## [Aim of the exercise]
Once you reach the line that holds "sourcing map 5pcs" in the listing below, output it and every line after it through the line that holds "H M Marvel Printed", word for word.

## [Exercise materials]
⟨

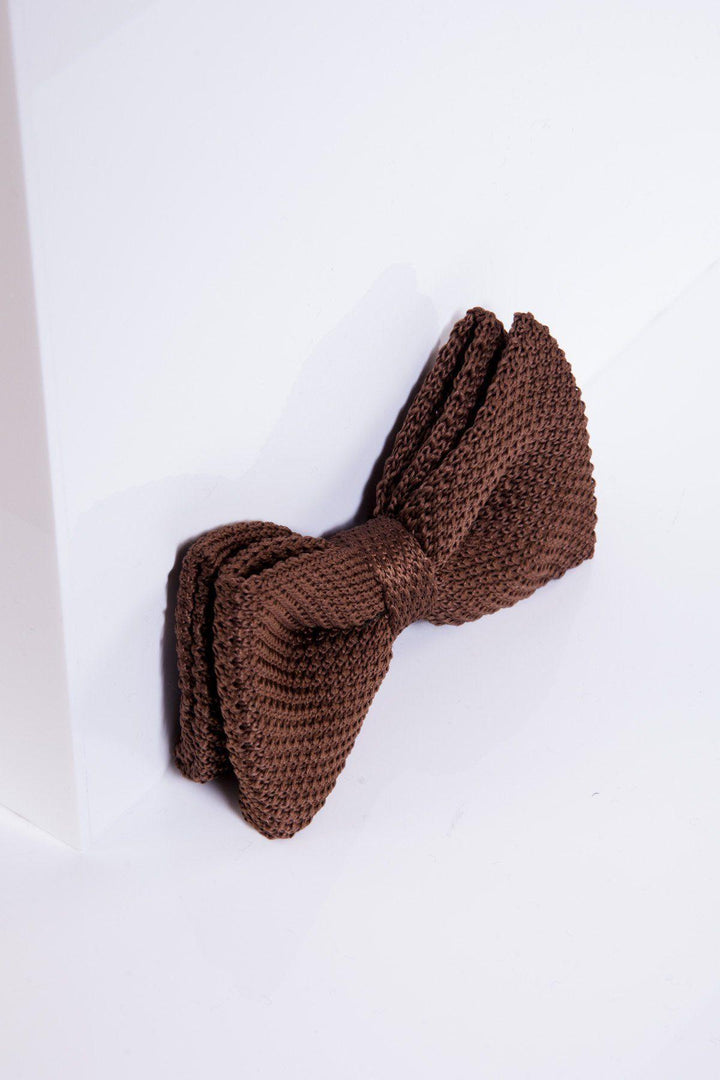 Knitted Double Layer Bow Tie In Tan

⟩
⟨

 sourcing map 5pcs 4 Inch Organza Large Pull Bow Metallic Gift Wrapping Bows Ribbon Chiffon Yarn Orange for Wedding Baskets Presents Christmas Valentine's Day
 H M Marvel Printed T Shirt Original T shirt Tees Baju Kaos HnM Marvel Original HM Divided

⟩

## [Solution to the exercise]
 sourcing map 5pcs 4 Inch Organza Large Pull Bow Metallic Gift Wrapping Bows Ribbon Chiffon Yarn Orange for Wedding Baskets Presents Christmas Valentine's Day
 H M Marvel Printed T Shirt Original T shirt Tees Baju Kaos HnM Marvel Original HM Divided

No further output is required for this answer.